Currently viewing the tag: "pastry"

We entered September with a bang: school for everyone except me, birthday celebrations, anniversary dinner (we ate here, it was incredible), and then we splurged on U2 tickets and saw the Joshua Tree tour (and they did play the Joshua Tree from start to finish and it was amazing) (also the poems they scrolled on giant screens before the show are worth reading) and then saw Maria Bamford the very next night (along with Jackie Kashian who was also hilarious) and then family visiting and then meet-the-teacher night and then scrubbing my house from top to bottom because summer made it embarrassingly dirty. There is still so much packed into the rest of this month I am actually looking forward to October, along with some cool fall breezes and falling leaves, long walks and even longer books.

September started out rather chilly, but this past week we found ourselves in a major heat wave, so naturally I found myself in the kitchen making pies, puff pastry, and Danish dough. I have this odd desire to bake on extremely hot days, which doesn’t make much sense to me, but then again, I have the same desire on icy cold days, so maybe it’s just that I’m obsessed with baking. Whatever the reason, this Danish braid was made, and I’ve declared it my new favorite. The braid itself was inspired by Zoe Francois – she made this beautiful Raspberry braid with Bread in 5’s no-knead dough, and the second I saw it, I knew I had to try one with my Easy Danish Dough. It worked wonderfully, and I have a feeling any guests I have for the next 6 months will be served some variation of this.

I’ve teamed up with Land O’Lakes for a few posts over the rest of the year. I’ve been a big fan of their butter for years; I love how my baked goods turn out with it, and as they are a Minnesota-based company, it seemed like a natural fit. I use their butter in my baking, and find the flavor to be heads and shoulders above other grocery store brands. This Danish braid was made Land O Lakes® European Style Butter, and it turned out *fantastic*. The layers were perfectly flaky and each bite rang out with pure butter flavor.

Danish Braid with Apple and Cream Cheese
The Easy Danish Dough recipe is from my book, The Vanilla Bean Baking Book.

Easy Danish Dough
Notes: The dough does need to rest overnight in the refrigerator, so plan accordingly. It’s important for the Danish dough to come to room temperature before you roll it out, or the butter will not incorporate correctly. This dough can be frozen, but doesn’t rise quite as nicely as when it’s fresh. If the dough is not used right away after being out and turned, it will puff up in the refrigerator. This will make it a little harder to roll out, but you will still have good results.
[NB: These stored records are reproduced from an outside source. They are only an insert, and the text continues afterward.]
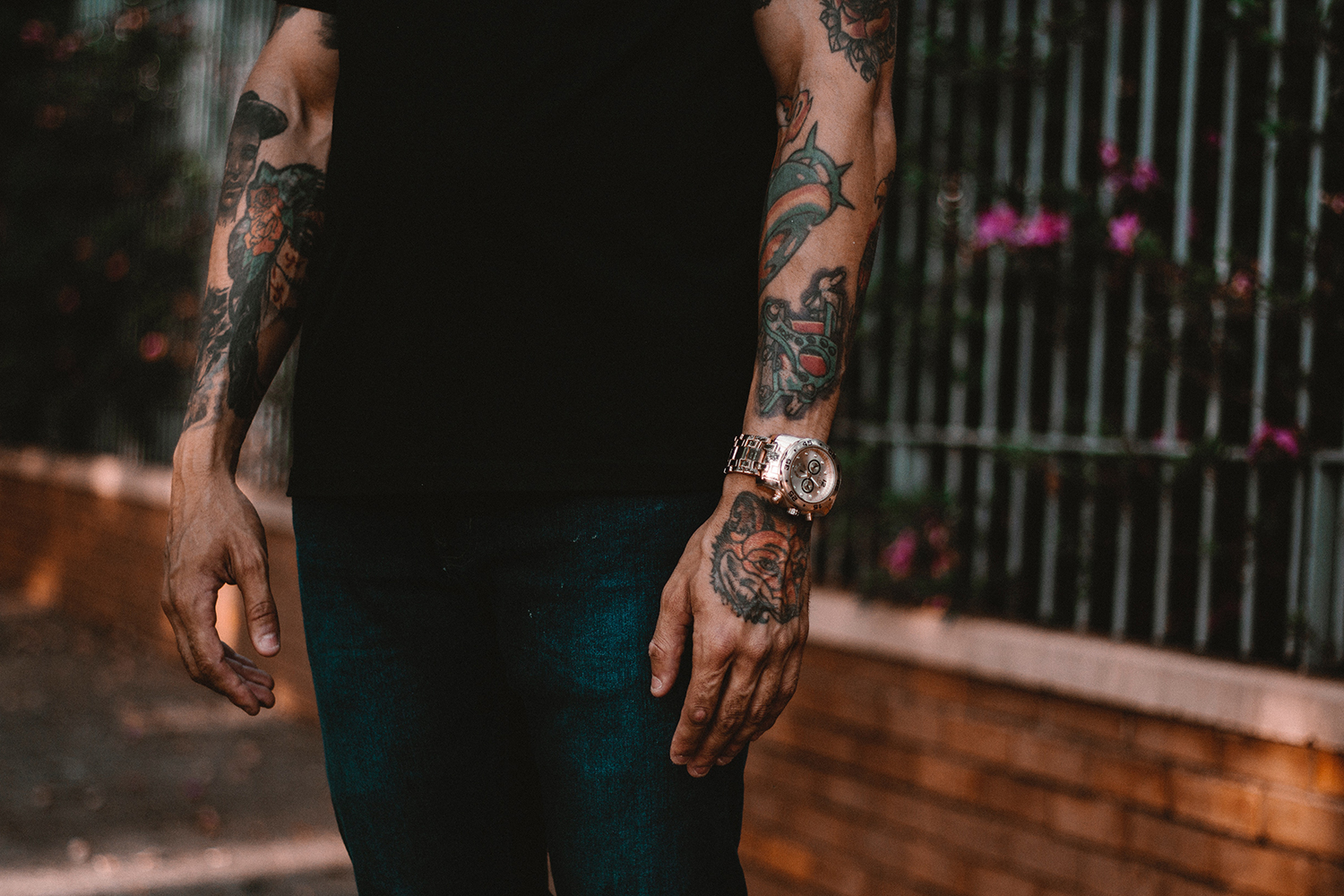 Man with tattooted arms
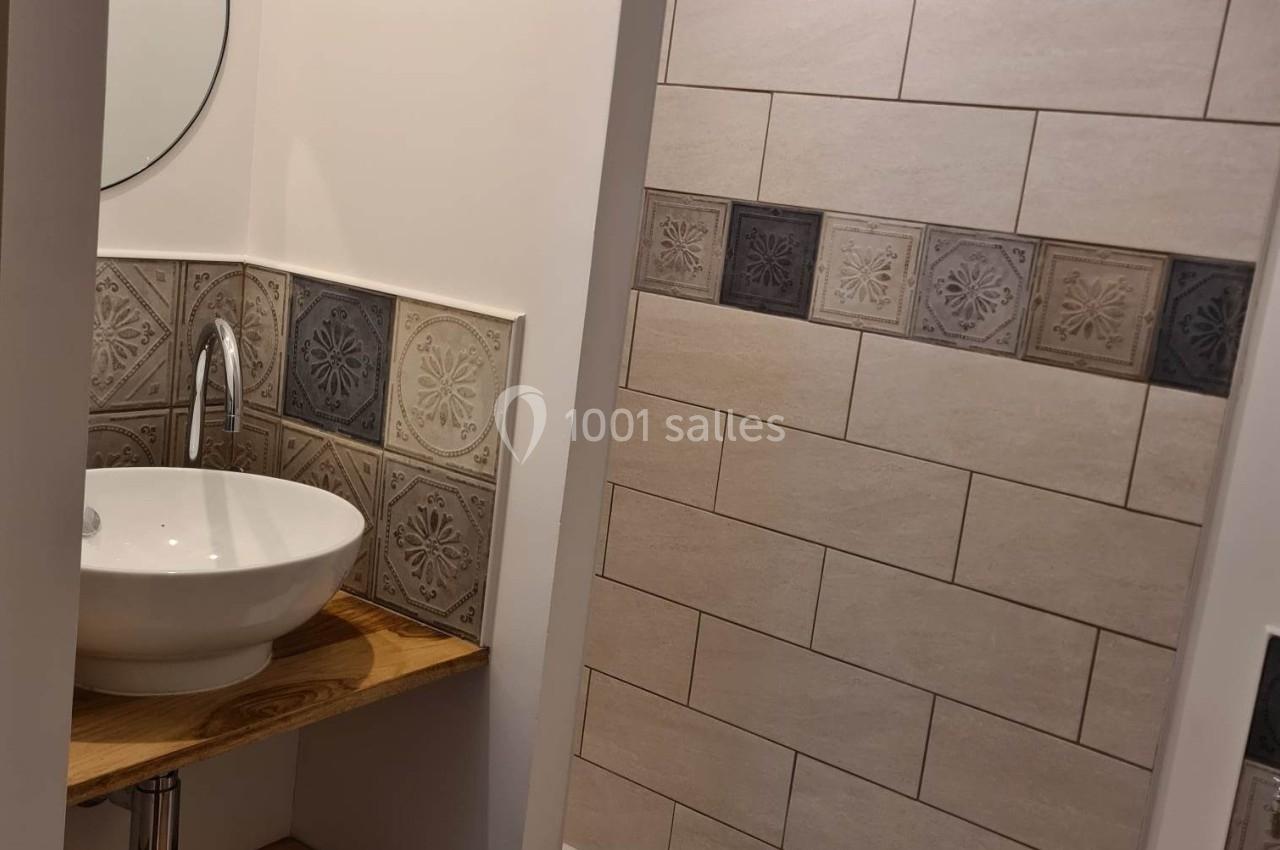 Salle de bain moderne avec lavabo sur étagère en bois, miroir rond et douche à carrelage beige et décoratif.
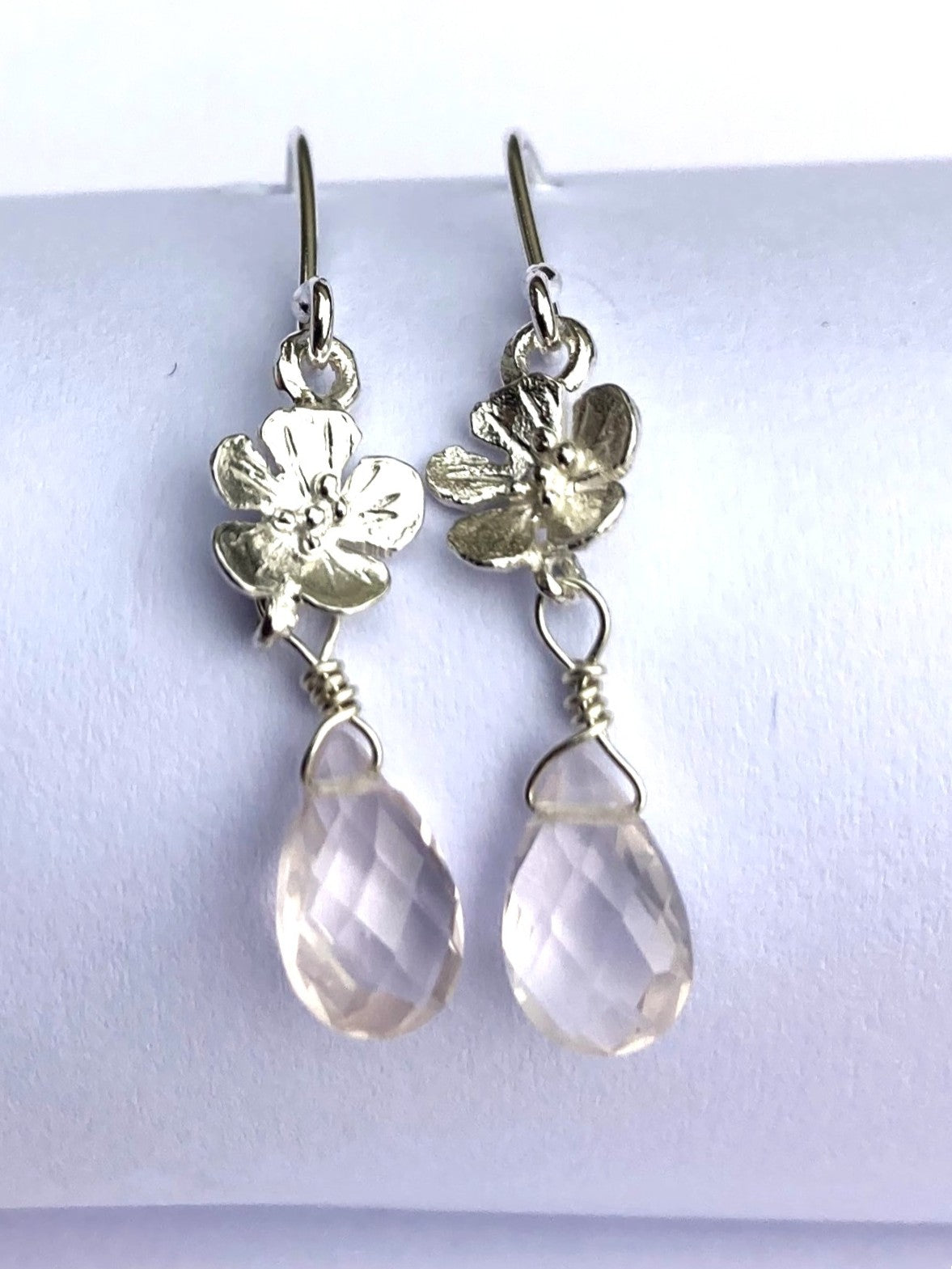 A pair of sterling silver dangle earrings with textured flower charms and faceted pink teardrop rose quartz drops, displayed on a white cylindrical stand.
3/4 cup whole milk, warm (100-110F)
1 large egg, room temperature
2 large egg yolks, room temperature
1 teaspoon pure vanilla extract
2 1/2 cups (355g) all-purpose flour
2 1/4 teaspoons instant yeast
2 tablespoons sugar
1 teaspoon salt
4 tablespoons (1/2 stick | 57g) Land O’Lakes European Style butter, room temperature
12 tablespoons (1 1/2 sticks | 170g) Land O’Lakes European butter, cold, cut in 1/2-inch pieces
Apple Jelly or Apple Butter

Cream Cheese Filling
6 ounces cream cheese, room temperature
1/4 cup sugar
Pinch salt
1/2 teaspoon pure vanilla extract
1/2-1 teaspoon lemon juice

Glaze
1 cup confectioner’s sugar
2-4 tablespoons whole milk or heavy cream
1/2 teaspoon pure vanilla extract
Pinch salt
1/4 – 1/2 teaspoon lemon juice
1 tablespoon creme fraiche (optional)

For the easy Danish dough
Grease a large bowl.

In a large liquid measuring cup, combine the milk, egg, yolks, and vanilla.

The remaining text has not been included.